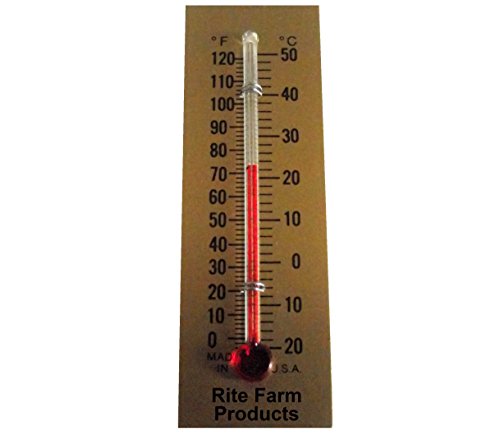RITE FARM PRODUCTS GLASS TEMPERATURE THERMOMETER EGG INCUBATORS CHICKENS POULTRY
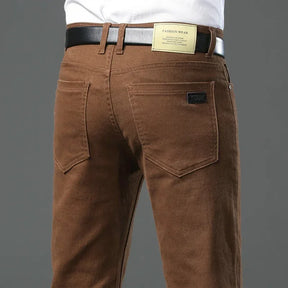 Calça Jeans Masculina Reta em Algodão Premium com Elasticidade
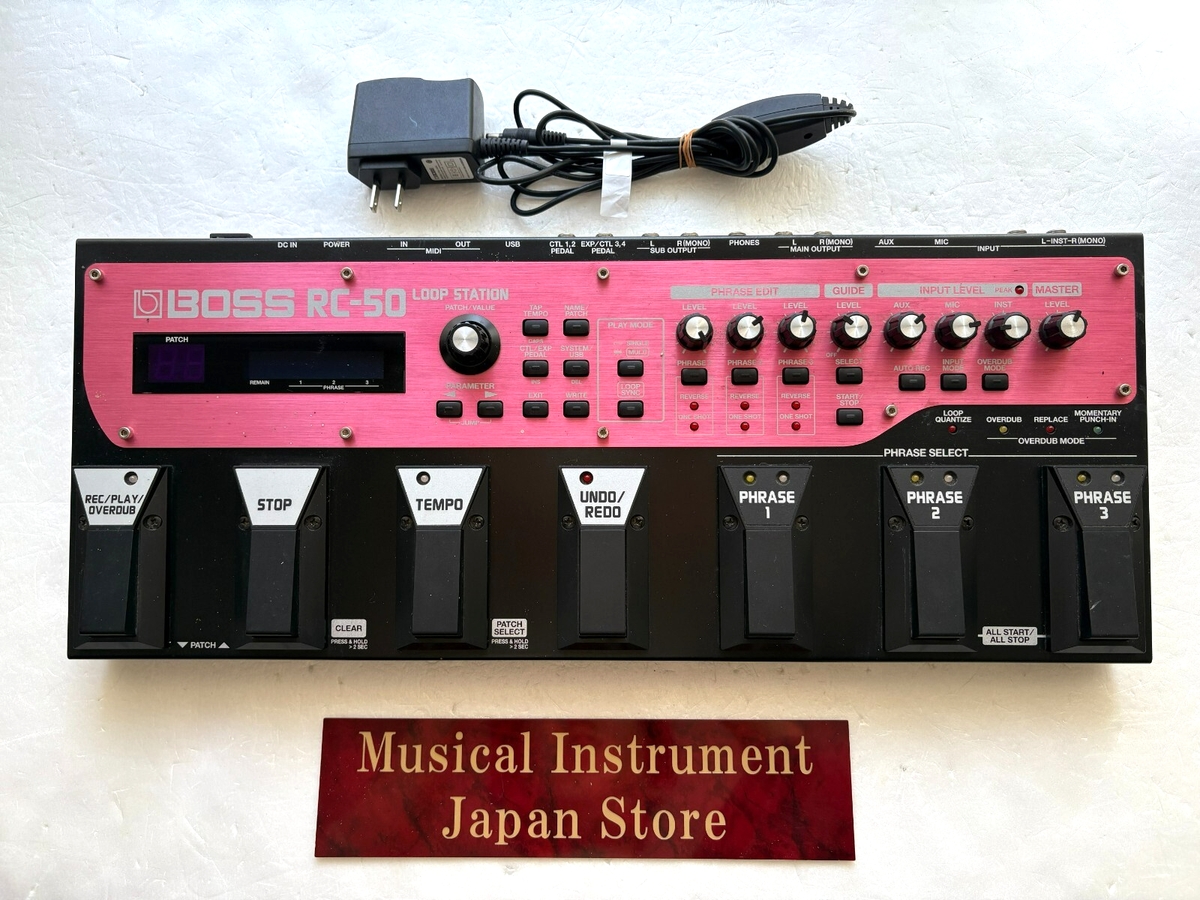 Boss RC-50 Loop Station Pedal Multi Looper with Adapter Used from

TASK =
Return all of the lines above without alteration, minus the pictures.

EXPECTED ANSWER =
RITE FARM PRODUCTS GLASS TEMPERATURE THERMOMETER EGG INCUBATORS CHICKENS POULTRY
 Calça Jeans Masculina Reta em Algodão Premium com Elasticidade
 Boss RC-50 Loop Station Pedal Multi Looper with Adapter Used from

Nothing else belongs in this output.